- _WORK REQUIRED_: Among the entries below, the lines from the one with "All right guys, this" up to and including the one with "The next lot" are to be restated exactly, without pictures.

[[ DATASET EXTRACT open ]]

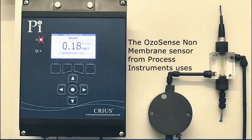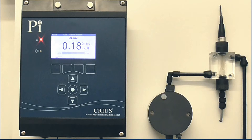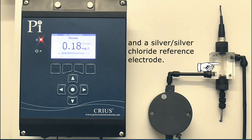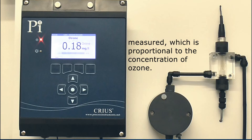The Ozosense non-membrane sensor from Process Instruments uses amperometry to electrochemically measure the concentration of ozone in water. The three electrode system includes a gold working electrode, a stainless steel counter electrode, and a silver silver chloride reference electrode. A constant potential is applied across the sensor and the resulting current is measured, which is proportional to the concentration of ozone.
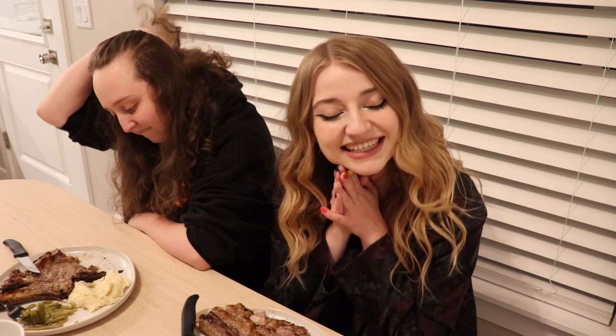All right guys, this has been Cooking with Kat. Be sure to subscribe to my channel — I put out two videos every week and I will see you guys in the next one.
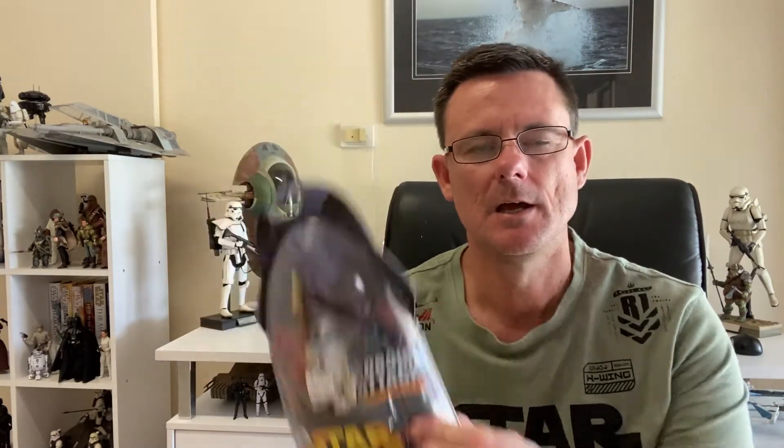The next lot of figures I've picked up are figures that I ordered off of an online store in Victoria called Rebel Go Figure Collectibles. For some reason I've decided to collect the Revenge of the Sith figure line, which you can see here. You would have seen a video I did a few weeks back of the collection so far of the Revenge of the Sith figures. So this is a few more I've added to it.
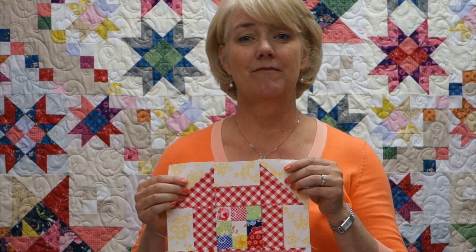Hi everyone, this is month 8 of the TQS Block of the Month for 2015. It's called My Country House, designed and made by Lynette Anderson. My name is Julie Cefalu, and I'm going to give you some tips about how to make this month's block, which is the churn dash block. It looks like this. So let's take a look at how it's put together.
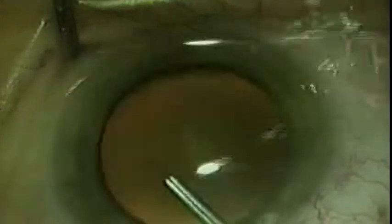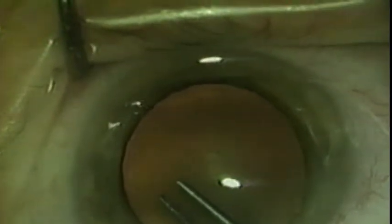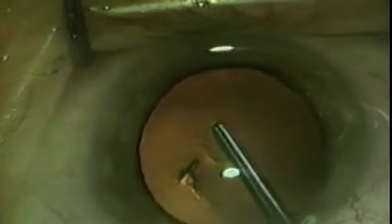The technique of capsular rexis is demonstrated. The instrument handles are grasped with the thumb and index finger, and the blades are brought together. The instrument is passed through the keratotomy incision. A bolus of viscoelastic is injected, and the anterior capsule is grasped at 2 o'clock, approximately 2 millimeters from the center of the lens.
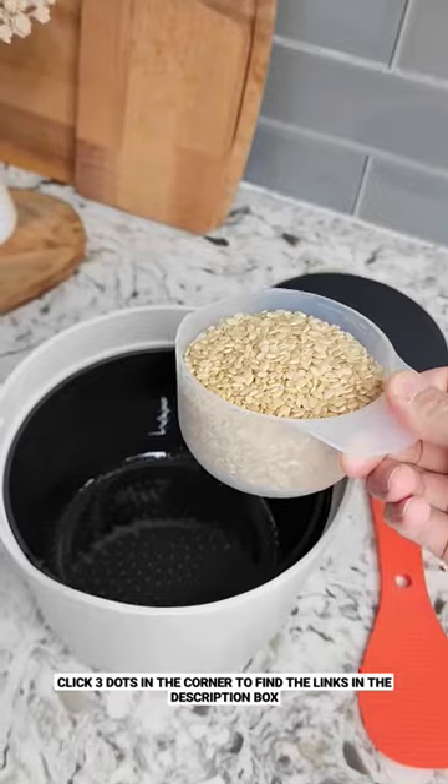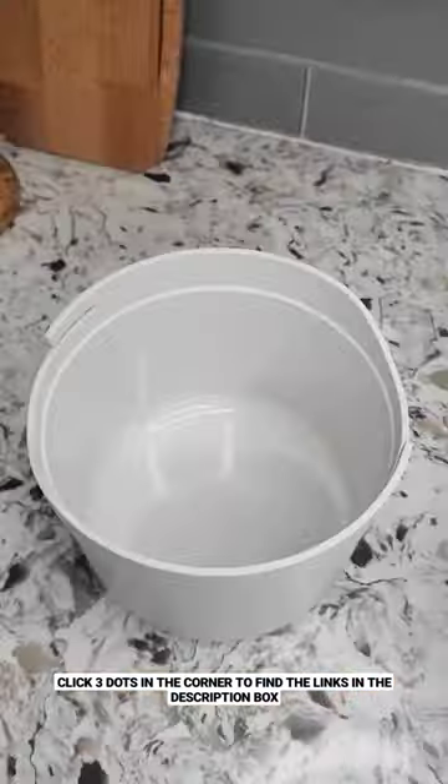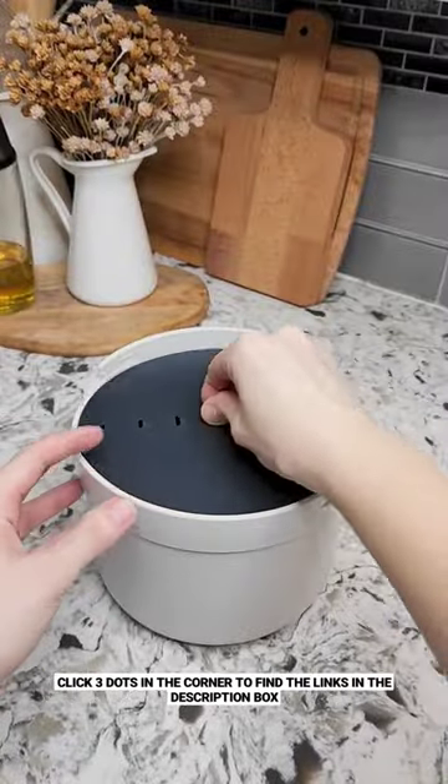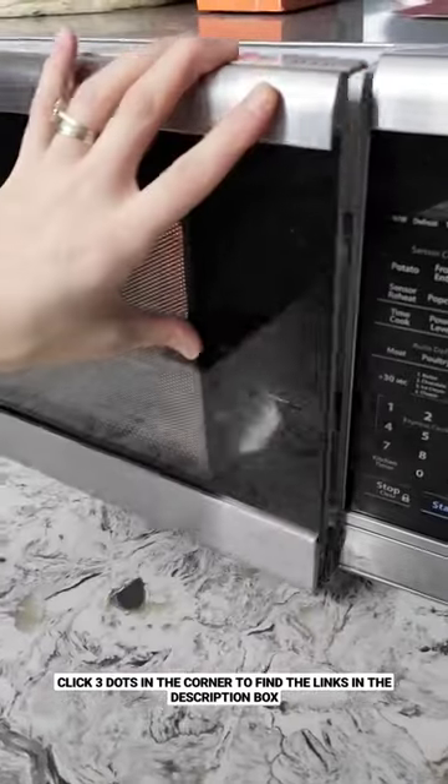The colander will allow you to rinse your food of choice, and it includes a measuring cup and guidelines to know the exact amount of water and cooking times required for different foods. Once finished cooking, the spoon paddle can be used to fluff and serve your food.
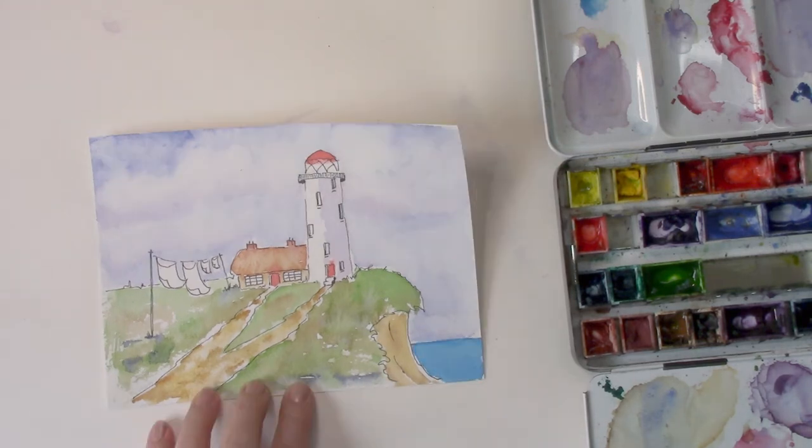I had to redo this because I accidentally put my hand on it — note to self: make sure it's dry! Now it's dry.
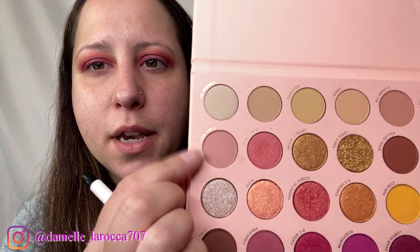Now I'm going to take the shade Good Vibes, which is up here, and I'm going to put that on my brow bone.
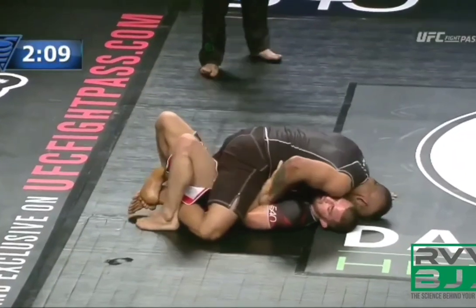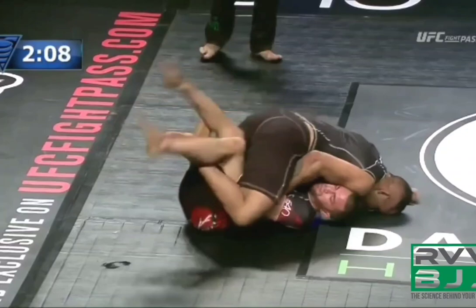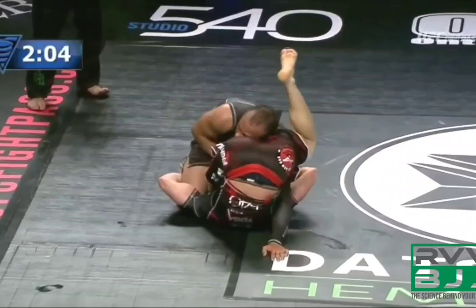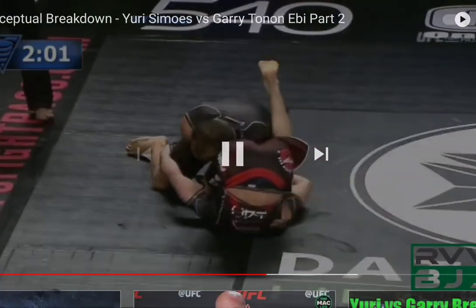We skip ahead to look at a mount escape. Gary is framing the hips with his hands and generating base by bridging off the mat. We see Gary use this a lot — he flipper kicks his legs to create momentum and movement so that he's able to start getting frames, specifically his knees in between the hips of Yuri.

[[ DATASET EXTRACT closed ]]

- _ANSWER BOX_:
All right guys, this has been Cooking with Kat. Be sure to subscribe to my channel — I put out two videos every week and I will see you guys in the next one.
The next lot of figures I've picked up are figures that I ordered off of an online store in Victoria called Rebel Go Figure Collectibles. For some reason I've decided to collect the Revenge of the Sith figure line, which you can see here. You would have seen a video I did a few weeks back of the collection so far of the Revenge of the Sith figures. So this is a few more I've added to it.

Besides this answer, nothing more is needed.